Волков. А как вёл себя Шостакович в подобных ситуациях?

Ростропович. Всегда всё хвалил: «блестяще, блестяще». И только если он ценил человека как большого музыканта, тогда он мог позволить себе критику. Шостакович мне всегда повторял: «Ну зачем, зачем такого-то критиковать, если он не может сделать лучше?» Иногда меня это поражало. Исполнение или сочинение из рук вон плохое, а Шостакович встаёт и говорит: «блестяще, блестяще».

Если Шостакович дружил с человеком, любил его, тогда он мог быть более откровенным. Тогда он мог ошарашить совершенно неожиданными суждениями, очень для него сокровенными. Но вообще, был очень скрытен, очень осторожен. А вот Прокофьев, повторю, никогда не резервировал своей точки зрения. Никогда. Поэтому с Прокофьевым было гораздо легче. Правда, от него в минуту наибольшего благорасположения всегда могла поступить очень неприятная шпилька.

Волков. А кто из двух был, по-вашему, более национален по своему характеру — Прокофьев или Шостакович?

Ростропович. Я вам сейчас расскажу такую историю.
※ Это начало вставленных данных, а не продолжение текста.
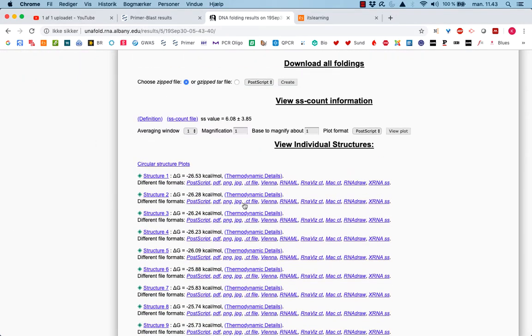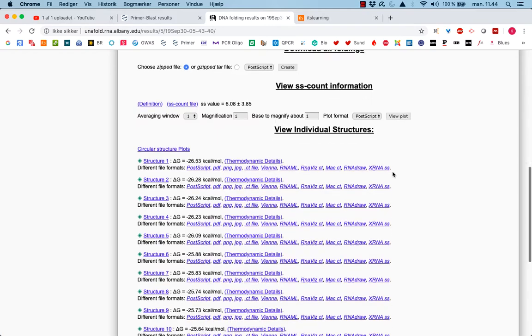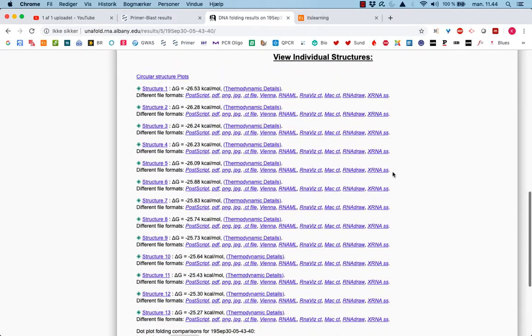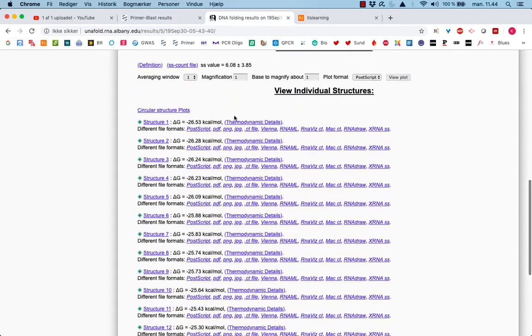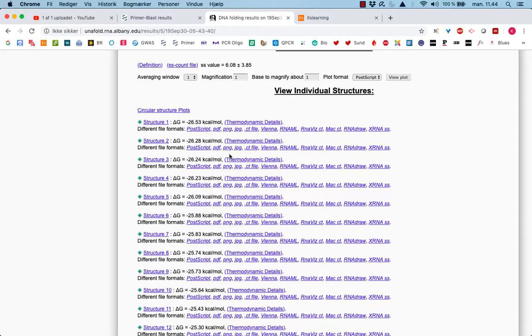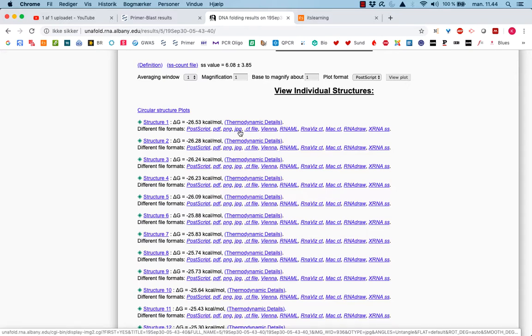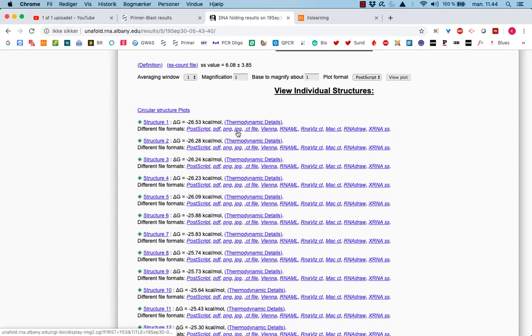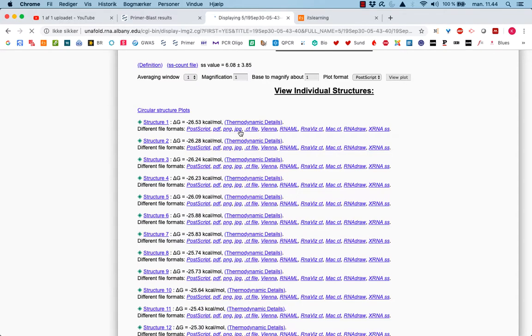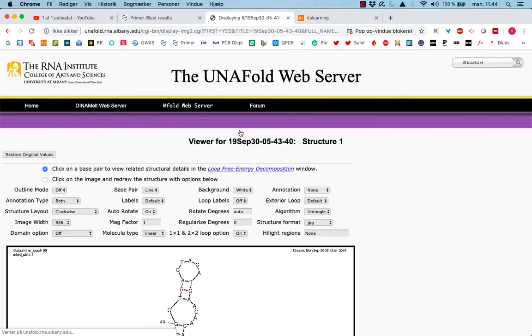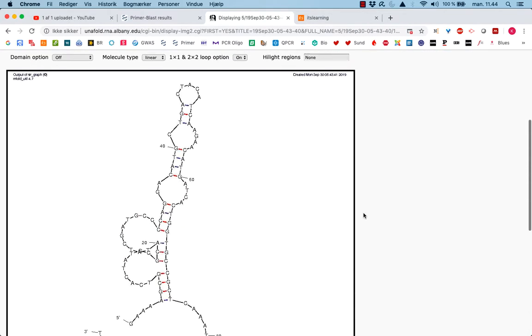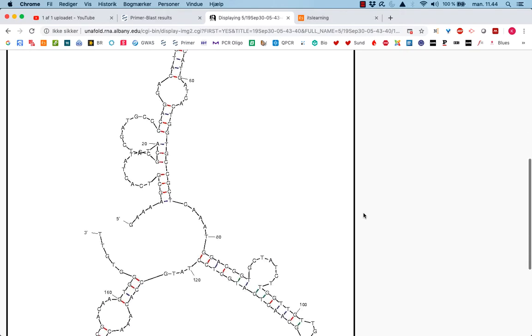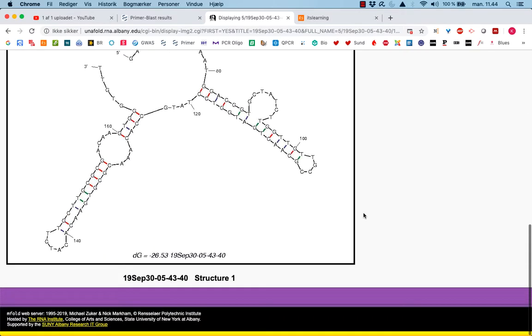And here we have individual structures with fairly low delta Gs. So that means there might be a chance, risk we should say, that we will see some secondary structures. I just take a look at one of them. Go for the JPEG. You can see there's a number of different formats. Usually, I use the JPEG because it gives you the best view of what is happening.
Раз я вёз Шостаковича на своей машине в Горький. Отъехали мы от Москвы 400 километров. Идет страшный дождь. Смотрю, бензин стоит на нуле. Но я знал, что в багажнике лежат канистры с бензином. Затормозил и в этот момент почти потерял сознание от ужаса: обнаружил, что ключ от бензобака я забыл у своего шофера в Москве. Растерялся настолько, что говорю: «Катастрофа, Дмитрий Дмитриевич, катастрофа!» Шостакович человек страшно нервный, прямо-таки подскочил в машине: «Что такое, что такое?» Я ему: «Дмитрий Дмитриевич, ситуация такая: бензин на нуле, бензобак закрыт, а ключ от него у шофера в Москве».

Шостакович говорит: «Слава, Слава, что же делать?» Выскочил нервный из машины и стал вокруг неё бегать. А дождь хлобыстает! Я смотрю: на бензобаке торчит пробка, красивая такая, никелированная. Немецкая. Огляделся, вижу в кювете здоровенную металлическую оглоблю. Схватил оглоблю и стал с остервенением лупить по этой немецкой пробке. Ну, конечно, один раз по пробке — три-четыре раза по машине. А Шостакович бегает вокруг и приговаривает: «Молодец, Слава, молодец! Всё, что сделал немец — русский сокрушит! Всё, что сделал немец — русский сокрушит!» Это мне столько силы придавало! Я жарил с необыкновенным темпераментом! Наконец, пробка эта улетела так далеко... Я влил бензину, и мы доехали до Горького.

Волков. А национальное в их музыке?

Ростропович. Я считаю, оба они очень национальные композиторы, очень русские. Хотя в музыке Шостаковича больше западных влияний, чем у Прокофьева. У Шостаковича страсти горели к Малеру. Прокофьев совершенно этого не понимал, он сам мне об этом говорил.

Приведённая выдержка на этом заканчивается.